* _DIRECTIONS FOR THIS TASK_: Every line in the entries where "John" is found should be copied.

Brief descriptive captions
┄┄┄┄┄┄
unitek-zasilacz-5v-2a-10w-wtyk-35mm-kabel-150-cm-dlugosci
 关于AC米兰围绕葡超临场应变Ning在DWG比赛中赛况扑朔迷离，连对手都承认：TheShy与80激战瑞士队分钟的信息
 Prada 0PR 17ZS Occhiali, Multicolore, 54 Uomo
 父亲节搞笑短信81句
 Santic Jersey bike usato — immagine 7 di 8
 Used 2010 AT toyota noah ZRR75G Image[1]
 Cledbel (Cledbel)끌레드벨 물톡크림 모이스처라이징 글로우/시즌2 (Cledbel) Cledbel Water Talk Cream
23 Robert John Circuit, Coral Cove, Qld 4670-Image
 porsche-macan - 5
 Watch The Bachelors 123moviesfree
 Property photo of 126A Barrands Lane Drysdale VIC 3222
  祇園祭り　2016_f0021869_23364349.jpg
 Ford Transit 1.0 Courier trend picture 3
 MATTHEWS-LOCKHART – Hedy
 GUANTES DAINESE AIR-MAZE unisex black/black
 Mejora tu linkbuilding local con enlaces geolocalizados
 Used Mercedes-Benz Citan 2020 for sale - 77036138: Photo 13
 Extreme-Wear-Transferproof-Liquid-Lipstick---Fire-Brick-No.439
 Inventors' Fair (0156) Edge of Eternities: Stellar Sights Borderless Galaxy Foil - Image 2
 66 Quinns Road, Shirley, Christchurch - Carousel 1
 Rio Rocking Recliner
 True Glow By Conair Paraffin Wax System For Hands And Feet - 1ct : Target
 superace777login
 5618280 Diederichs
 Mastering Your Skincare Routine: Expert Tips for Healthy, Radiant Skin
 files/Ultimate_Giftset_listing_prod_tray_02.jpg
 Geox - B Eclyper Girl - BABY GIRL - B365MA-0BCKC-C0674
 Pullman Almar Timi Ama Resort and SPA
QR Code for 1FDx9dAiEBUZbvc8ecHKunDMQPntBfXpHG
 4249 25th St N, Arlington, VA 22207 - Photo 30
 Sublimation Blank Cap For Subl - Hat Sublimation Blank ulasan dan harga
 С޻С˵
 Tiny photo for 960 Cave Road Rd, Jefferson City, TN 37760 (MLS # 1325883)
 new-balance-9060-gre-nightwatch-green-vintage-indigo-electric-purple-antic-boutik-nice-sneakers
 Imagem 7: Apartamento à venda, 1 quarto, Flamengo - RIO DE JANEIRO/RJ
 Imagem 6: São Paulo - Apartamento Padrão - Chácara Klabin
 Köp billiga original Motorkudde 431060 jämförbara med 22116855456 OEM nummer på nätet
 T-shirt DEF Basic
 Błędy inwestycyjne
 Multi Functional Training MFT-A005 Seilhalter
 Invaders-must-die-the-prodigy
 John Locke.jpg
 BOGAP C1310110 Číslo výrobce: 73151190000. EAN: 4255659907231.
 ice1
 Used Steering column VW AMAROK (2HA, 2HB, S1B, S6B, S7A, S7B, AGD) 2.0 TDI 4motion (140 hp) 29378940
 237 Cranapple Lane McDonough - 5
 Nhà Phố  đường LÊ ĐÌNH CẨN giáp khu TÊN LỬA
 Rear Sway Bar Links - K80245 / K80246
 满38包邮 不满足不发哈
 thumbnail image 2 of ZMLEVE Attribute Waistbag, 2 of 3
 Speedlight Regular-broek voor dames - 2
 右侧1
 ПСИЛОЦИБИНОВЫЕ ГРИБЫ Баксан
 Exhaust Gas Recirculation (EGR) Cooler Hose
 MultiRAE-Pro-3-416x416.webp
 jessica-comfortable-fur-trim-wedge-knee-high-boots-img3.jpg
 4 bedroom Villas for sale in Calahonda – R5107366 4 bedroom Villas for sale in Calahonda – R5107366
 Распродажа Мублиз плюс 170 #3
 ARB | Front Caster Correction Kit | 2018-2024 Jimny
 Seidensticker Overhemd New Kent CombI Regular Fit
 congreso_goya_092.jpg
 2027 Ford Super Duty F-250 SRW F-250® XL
┄┄┄┄┄┄
* _ANSWER SPACE_:
23 Robert John Circuit, Coral Cove, Qld 4670-Image
 John Locke.jpg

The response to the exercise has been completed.